A cruz escondida

Assassinato de cristão no Sinai está a assustar a comunidade no Egipto

Regresso do medo

A execução de um empresário cristão sequestrado em Novembro do ano passado por jihadistas na região do Sinai, no Egipto, está a trazer de volta o receio de uma nova onda de violência contra esta pequena comunidade religiosa. A família está destroçada. Nabil Habshi foi assassinado, segundo os terroristas, por ter financiado a construção de uma igreja na sua cidade, Bir Al-Abd…

Ajoelhado na areia inconfundível do deserto, com as mãos juntas sobre as pernas, vestindo um blusão castanho claro com o fecho todo corrido, Nabil Habshi está prestes a ser fuzilado.

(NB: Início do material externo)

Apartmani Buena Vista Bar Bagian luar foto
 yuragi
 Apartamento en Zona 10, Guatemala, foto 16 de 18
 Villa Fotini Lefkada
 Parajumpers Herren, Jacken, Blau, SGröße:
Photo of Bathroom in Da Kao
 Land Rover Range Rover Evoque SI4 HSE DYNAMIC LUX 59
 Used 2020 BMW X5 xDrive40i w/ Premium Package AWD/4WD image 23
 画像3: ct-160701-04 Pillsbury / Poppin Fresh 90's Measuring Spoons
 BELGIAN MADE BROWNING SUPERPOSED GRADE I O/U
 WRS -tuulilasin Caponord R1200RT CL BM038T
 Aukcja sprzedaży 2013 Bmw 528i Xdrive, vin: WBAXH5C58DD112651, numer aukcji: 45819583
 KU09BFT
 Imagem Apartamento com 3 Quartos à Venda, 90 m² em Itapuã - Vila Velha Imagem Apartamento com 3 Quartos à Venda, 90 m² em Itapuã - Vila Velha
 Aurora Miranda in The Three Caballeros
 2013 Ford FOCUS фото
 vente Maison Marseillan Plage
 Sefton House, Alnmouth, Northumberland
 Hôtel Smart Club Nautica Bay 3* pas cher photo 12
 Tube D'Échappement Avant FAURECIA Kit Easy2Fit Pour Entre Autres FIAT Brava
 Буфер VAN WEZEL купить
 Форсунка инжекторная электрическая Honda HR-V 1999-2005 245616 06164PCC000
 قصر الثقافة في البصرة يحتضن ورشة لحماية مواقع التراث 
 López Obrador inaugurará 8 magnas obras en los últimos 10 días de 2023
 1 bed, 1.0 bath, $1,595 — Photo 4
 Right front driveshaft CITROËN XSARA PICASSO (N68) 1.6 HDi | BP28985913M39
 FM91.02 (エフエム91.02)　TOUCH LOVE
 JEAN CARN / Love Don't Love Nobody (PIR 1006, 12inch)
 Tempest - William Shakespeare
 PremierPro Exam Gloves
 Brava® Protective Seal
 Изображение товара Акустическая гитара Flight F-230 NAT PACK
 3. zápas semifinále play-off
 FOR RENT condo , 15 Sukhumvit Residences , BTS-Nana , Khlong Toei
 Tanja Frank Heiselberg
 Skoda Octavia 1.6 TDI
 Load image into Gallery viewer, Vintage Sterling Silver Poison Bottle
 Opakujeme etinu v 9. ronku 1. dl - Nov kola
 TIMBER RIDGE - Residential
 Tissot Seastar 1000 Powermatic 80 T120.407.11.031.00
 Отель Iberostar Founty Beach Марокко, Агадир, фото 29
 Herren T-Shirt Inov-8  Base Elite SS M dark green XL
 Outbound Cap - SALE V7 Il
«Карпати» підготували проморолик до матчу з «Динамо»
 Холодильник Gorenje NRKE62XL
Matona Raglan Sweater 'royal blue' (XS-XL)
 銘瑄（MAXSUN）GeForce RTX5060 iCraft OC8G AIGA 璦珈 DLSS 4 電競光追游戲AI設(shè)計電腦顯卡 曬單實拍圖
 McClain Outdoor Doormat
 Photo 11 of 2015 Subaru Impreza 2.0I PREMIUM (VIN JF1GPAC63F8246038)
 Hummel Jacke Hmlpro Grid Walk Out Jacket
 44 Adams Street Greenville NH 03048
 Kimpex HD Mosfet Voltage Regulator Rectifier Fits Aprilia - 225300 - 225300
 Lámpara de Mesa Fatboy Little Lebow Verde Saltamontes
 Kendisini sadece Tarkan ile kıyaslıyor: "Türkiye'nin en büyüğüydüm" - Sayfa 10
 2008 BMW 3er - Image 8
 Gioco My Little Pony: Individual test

Atrás deles estão três carrascos. Todos com metralhadoras. São jihadistas do Daesh. A imagem é apenas um “frame” da sequência mórbida do assassinato deste homem cujo vídeo foi divulgado há algumas semanas nas redes sociais. A execução deste cristão de 62 anos a tiros de kalashnikov faz parte da propaganda terrorista no Egipto. O auto-proclamado Estado Islâmico reivindicou o crime acusando o empresário de ter contribuído financeiramente para a construção da única igreja existente na sua cidade de Bir Al-Abd, um templo dedicado a Nossa Senhora de Anba Karras. A família não tinha qualquer notícia de Nabil desde que o empresário havia sido sequestrado, a 8 de Novembro do ano passado, perto de casa. Desde esse que a família vivia numa angústia total. No entanto, a falta de notícias permitia alimentar toda a esperança. Uma esperança que ruiu de forma dramática ao fim de 160 dias quando o Daesh publicou o vídeo da sua execução. Nabil Habshi é já considerado um mártir. A Igreja copta descreve-o como “um servo fiel” que deu “testemunho da sua fé até ao sacrifício de sangue”.

 

Memórias dolorosas

A morte trágica de Nabil Habshi vem recordar o caso de Adeeb Nakhla, outro cristão vítima também de grupos jihadistas na região do Sinai. Desde Janeiro de 2019 que não há notícias deste ortodoxo copta raptado pelo Daesh. Nakhla, de 55 anos, viajava num pequeno autocarro de Ismailia para Al-Arish quando militantes daquele grupo terrorista forçaram a paragem da viatura para fiscalizarem os documentos de todos os passageiros. No Bilhete de Identidade no Egipto vem referida a religião do seu portador. Nakhla não teve forma de esconder que era cristão. Foi mandado sair do autocarro. Até hoje, não se sabe mais o que lhe aconteceu… Os raptos de cristãos nesta região do Egipto despertam memórias dolorosas. Nos últimos anos, têm-se sucedido ataques e atentados contra esta comunidade religiosa que não representa mais de 10 por cento de toda a população do país. Apesar de ser tão minoritária é particularmente perseguida. Ninguém consegue esquecer, por exemplo, os ataques terroristas de Domingo de Ramos de 2017 que causaram 44 mortos e mais de 100 feridos, ou as emboscadas a peregrinos para o Mosteiro de São Samuel, o Confessor, em 2017 e 2018, e que causaram mais de três dezenas de vítimas mortais. O norte do Sinai continua a ser muito problemático para a comunidade cristã, mesmo após as operações do exército contra os grupos jihadistas que operam com relativa facilidade nesta região. No Relatório da Fundação AIS constata-se que “a tolerância para com os cristãos continua a ser reduzida” em todo o Alto Egipto, com “inúmeros incidentes” que confirmam, pode ler-se no documento, “que a violência pode irromper a qualquer momento”. Para a família de Nabil Habshi, esse momento, infelizmente, já aconteceu.